> _Data extracts_

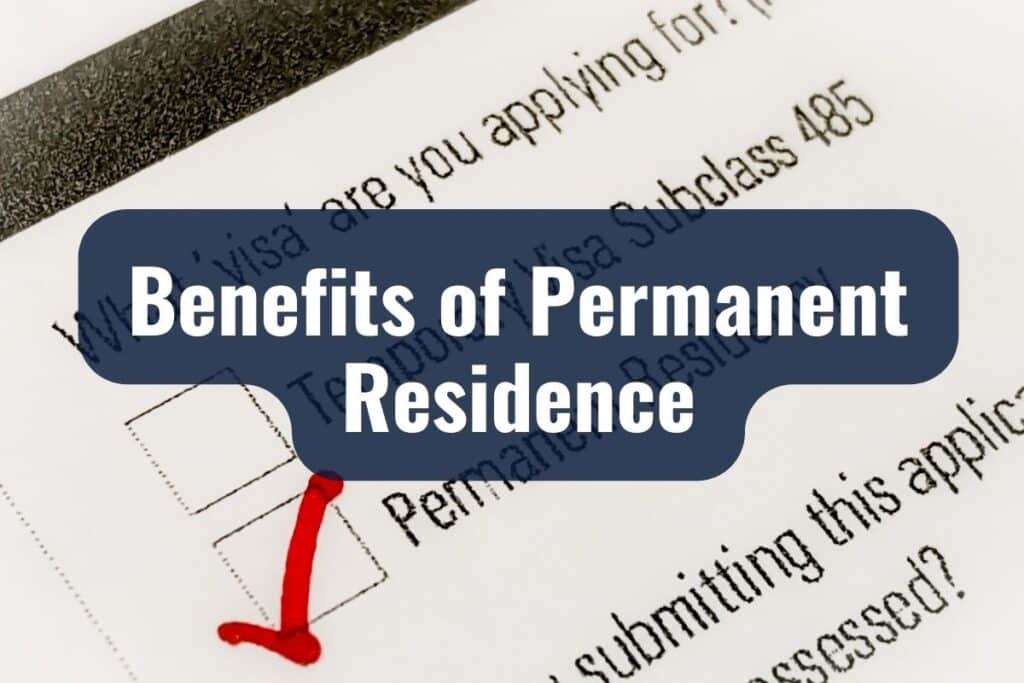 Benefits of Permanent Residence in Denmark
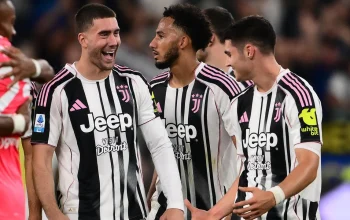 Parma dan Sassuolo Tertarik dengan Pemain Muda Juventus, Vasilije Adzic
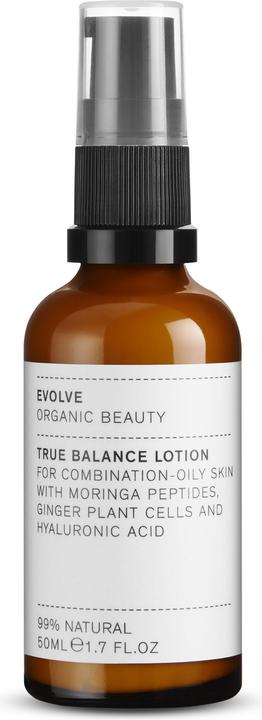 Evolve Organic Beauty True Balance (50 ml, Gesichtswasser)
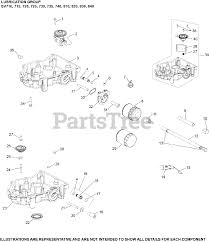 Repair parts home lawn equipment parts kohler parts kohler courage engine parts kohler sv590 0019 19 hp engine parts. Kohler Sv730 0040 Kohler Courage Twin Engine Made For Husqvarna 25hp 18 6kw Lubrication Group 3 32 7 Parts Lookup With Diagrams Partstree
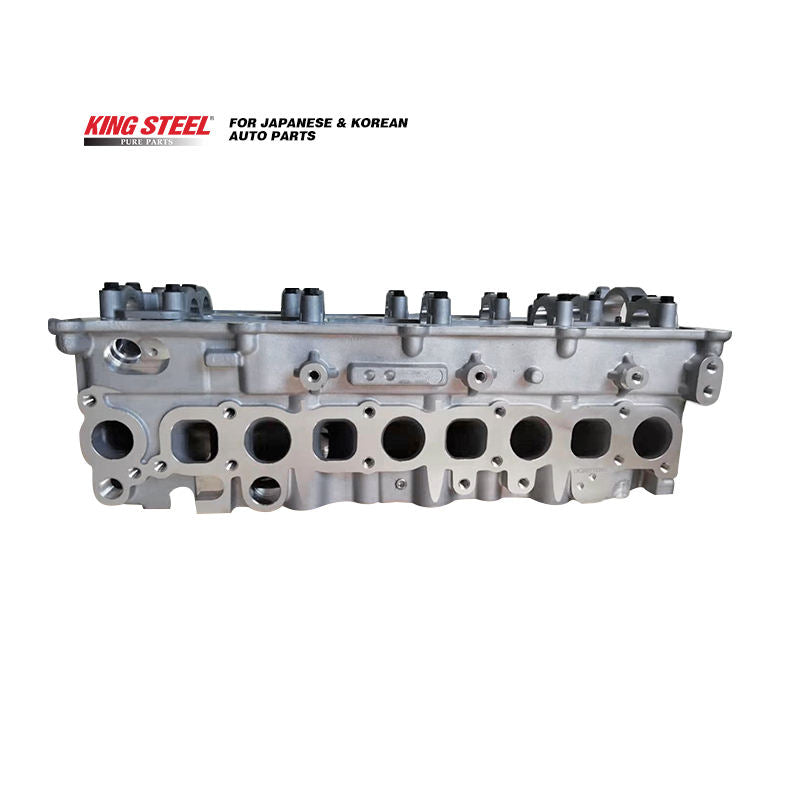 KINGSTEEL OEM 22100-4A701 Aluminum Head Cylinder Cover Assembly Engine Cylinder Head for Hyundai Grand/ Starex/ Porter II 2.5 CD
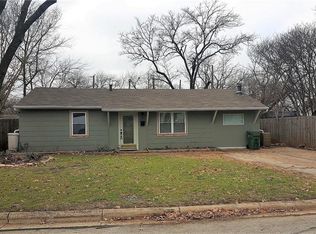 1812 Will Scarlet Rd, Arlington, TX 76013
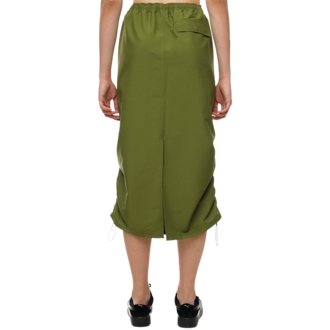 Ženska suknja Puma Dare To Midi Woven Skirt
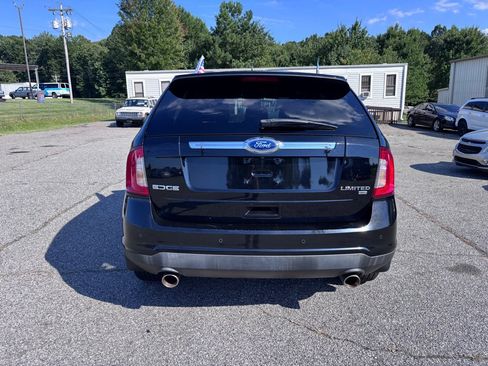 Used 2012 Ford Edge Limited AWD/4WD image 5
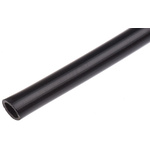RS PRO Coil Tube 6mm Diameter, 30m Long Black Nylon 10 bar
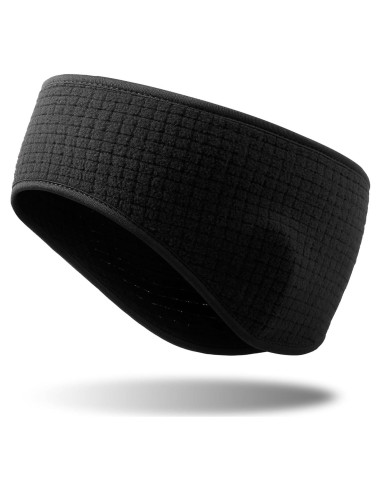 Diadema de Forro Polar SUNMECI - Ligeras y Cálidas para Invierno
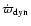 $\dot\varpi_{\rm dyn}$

...

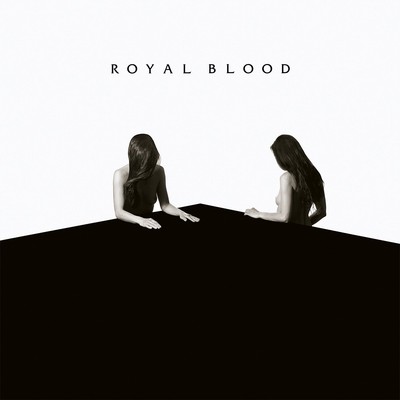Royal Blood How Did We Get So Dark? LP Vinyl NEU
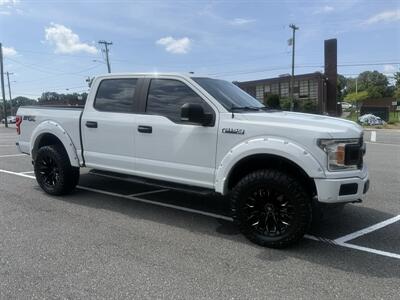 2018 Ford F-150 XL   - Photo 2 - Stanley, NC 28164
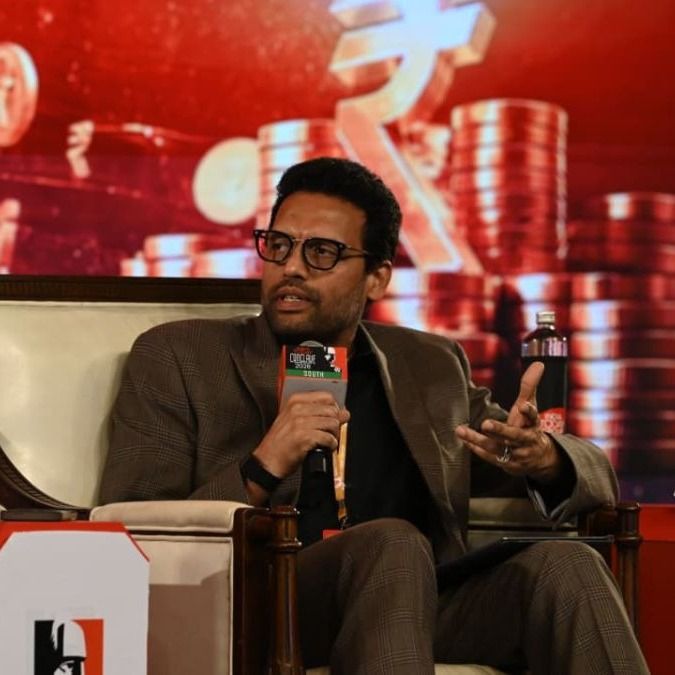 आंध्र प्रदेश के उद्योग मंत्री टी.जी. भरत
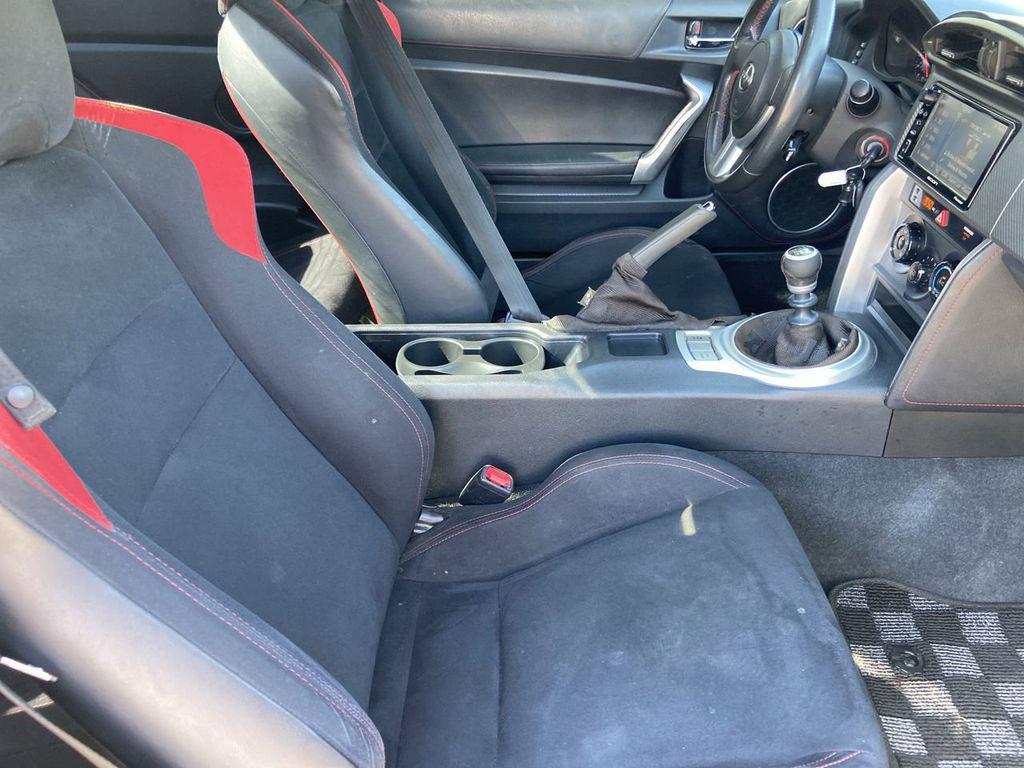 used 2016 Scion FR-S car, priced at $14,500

> _What is required_
Your answer must be the lines above from the one holding "Benefits of Permanent Residence in Denmark" up to and including the one holding "Evolve Organic Beauty", exact and with no pictures.

> _Task response_
 Benefits of Permanent Residence in Denmark
 Parma dan Sassuolo Tertarik dengan Pemain Muda Juventus, Vasilije Adzic
 Evolve Organic Beauty True Balance (50 ml, Gesichtswasser)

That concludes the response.